Working data START

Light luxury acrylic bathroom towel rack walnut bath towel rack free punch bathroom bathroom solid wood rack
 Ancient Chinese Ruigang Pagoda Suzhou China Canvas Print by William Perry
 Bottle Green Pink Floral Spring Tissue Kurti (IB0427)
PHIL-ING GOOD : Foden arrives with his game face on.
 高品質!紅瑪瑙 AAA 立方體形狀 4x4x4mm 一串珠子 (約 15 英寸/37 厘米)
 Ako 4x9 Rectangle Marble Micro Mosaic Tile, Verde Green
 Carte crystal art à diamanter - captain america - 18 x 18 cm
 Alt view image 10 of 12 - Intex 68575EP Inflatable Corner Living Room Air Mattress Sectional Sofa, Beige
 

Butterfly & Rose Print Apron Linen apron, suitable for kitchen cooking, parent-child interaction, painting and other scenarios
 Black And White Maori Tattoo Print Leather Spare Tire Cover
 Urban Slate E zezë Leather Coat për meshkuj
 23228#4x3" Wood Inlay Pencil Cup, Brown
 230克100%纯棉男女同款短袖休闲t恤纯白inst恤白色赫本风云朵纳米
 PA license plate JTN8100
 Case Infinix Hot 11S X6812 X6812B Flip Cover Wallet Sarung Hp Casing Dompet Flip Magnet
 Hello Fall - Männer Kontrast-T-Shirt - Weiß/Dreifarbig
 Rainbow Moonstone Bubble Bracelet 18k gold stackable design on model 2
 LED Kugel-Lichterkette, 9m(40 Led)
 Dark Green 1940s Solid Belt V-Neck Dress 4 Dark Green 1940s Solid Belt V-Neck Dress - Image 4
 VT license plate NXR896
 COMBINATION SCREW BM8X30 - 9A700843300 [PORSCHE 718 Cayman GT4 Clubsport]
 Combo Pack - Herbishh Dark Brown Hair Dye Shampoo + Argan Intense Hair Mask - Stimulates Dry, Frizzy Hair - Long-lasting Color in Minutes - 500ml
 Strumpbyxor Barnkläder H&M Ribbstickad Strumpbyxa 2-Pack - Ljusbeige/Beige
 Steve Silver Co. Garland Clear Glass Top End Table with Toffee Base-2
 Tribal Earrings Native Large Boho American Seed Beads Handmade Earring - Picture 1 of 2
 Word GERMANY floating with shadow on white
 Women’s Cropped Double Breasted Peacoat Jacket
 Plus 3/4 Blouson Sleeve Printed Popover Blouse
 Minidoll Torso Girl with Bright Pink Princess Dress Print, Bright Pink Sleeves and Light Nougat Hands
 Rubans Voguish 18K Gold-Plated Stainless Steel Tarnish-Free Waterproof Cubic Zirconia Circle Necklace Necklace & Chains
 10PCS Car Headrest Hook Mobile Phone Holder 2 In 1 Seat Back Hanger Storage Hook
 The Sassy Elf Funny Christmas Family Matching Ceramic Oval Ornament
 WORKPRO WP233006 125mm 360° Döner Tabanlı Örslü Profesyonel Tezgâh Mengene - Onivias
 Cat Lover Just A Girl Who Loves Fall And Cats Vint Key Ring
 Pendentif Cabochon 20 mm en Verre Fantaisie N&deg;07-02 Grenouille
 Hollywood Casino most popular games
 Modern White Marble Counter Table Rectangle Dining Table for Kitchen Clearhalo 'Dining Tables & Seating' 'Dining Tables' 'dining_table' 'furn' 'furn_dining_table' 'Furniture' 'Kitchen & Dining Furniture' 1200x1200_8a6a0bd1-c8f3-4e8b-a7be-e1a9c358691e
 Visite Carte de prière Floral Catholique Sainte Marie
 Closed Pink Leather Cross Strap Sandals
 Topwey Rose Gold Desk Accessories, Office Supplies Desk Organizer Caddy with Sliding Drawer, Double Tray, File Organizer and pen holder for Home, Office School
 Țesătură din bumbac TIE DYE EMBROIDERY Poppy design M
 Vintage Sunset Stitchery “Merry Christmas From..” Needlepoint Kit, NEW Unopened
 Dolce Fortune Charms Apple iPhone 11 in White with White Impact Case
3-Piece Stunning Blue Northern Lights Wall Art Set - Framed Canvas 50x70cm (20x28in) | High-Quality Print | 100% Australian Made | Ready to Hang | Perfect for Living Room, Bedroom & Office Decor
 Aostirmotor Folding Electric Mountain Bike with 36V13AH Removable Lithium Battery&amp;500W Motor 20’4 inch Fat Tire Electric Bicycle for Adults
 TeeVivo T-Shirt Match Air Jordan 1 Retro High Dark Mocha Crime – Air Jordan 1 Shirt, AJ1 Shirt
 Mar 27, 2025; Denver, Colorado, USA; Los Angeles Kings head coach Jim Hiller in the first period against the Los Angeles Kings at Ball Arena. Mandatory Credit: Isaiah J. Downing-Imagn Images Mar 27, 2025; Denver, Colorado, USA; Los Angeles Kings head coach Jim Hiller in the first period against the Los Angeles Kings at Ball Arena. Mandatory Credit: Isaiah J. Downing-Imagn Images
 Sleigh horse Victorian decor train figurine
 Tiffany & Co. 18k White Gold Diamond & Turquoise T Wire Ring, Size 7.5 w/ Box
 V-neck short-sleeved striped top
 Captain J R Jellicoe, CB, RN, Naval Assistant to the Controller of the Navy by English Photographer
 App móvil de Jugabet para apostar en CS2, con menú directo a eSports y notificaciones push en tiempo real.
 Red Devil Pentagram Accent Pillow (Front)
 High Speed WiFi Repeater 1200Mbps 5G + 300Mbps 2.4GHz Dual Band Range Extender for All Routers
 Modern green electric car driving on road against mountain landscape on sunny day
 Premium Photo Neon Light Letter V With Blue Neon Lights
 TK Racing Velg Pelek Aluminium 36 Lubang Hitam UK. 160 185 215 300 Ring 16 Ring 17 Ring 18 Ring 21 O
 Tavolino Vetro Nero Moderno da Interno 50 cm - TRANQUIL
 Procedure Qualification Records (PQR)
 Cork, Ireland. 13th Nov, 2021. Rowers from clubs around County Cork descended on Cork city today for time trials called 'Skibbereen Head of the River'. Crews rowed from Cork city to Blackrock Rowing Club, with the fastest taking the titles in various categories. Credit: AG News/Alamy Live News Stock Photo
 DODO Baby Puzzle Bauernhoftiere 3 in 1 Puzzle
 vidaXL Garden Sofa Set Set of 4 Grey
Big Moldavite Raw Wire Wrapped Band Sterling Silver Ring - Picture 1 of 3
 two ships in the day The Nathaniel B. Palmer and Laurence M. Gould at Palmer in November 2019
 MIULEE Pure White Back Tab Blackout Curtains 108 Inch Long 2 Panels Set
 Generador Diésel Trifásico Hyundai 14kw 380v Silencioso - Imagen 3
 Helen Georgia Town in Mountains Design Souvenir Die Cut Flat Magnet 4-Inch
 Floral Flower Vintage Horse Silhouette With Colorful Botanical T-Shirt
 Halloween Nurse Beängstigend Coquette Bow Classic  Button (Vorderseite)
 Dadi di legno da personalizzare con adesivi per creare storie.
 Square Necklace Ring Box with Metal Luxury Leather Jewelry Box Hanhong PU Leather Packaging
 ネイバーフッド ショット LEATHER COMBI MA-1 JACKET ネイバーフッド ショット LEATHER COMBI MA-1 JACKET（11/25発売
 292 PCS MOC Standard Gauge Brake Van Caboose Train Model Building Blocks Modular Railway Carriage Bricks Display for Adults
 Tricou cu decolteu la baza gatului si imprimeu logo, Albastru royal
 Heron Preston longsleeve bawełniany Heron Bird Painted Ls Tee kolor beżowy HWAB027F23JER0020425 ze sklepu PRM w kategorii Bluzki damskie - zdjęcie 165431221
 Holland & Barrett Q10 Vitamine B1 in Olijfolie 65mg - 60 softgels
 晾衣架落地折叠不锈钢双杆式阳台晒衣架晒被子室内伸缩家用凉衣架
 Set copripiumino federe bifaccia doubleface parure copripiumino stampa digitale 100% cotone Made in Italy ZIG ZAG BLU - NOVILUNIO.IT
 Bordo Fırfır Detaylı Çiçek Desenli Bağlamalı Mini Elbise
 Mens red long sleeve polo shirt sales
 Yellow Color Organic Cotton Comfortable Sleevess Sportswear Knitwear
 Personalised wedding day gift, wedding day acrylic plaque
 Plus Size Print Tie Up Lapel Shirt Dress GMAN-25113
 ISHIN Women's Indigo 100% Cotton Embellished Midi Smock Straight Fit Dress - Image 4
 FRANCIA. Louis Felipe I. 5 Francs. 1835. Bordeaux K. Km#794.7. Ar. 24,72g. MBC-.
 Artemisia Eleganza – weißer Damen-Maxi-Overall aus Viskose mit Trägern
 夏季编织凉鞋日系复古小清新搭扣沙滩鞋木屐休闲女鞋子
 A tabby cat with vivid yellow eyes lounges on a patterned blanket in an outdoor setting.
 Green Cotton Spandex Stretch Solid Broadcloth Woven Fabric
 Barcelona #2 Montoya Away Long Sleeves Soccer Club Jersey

Working data END

Work instructions:
Look above for the line holding "Modern green electric", then set down exactly that line and every line after it up to and including the line holding "two ships in", with nothing else.

Result of the task:
 Modern green electric car driving on road against mountain landscape on sunny day
 Premium Photo Neon Light Letter V With Blue Neon Lights
 TK Racing Velg Pelek Aluminium 36 Lubang Hitam UK. 160 185 215 300 Ring 16 Ring 17 Ring 18 Ring 21 O
 Tavolino Vetro Nero Moderno da Interno 50 cm - TRANQUIL
 Procedure Qualification Records (PQR)
 Cork, Ireland. 13th Nov, 2021. Rowers from clubs around County Cork descended on Cork city today for time trials called 'Skibbereen Head of the River'. Crews rowed from Cork city to Blackrock Rowing Club, with the fastest taking the titles in various categories. Credit: AG News/Alamy Live News Stock Photo
 DODO Baby Puzzle Bauernhoftiere 3 in 1 Puzzle
 vidaXL Garden Sofa Set Set of 4 Grey
Big Moldavite Raw Wire Wrapped Band Sterling Silver Ring - Picture 1 of 3
 two ships in the day The Nathaniel B. Palmer and Laurence M. Gould at Palmer in November 2019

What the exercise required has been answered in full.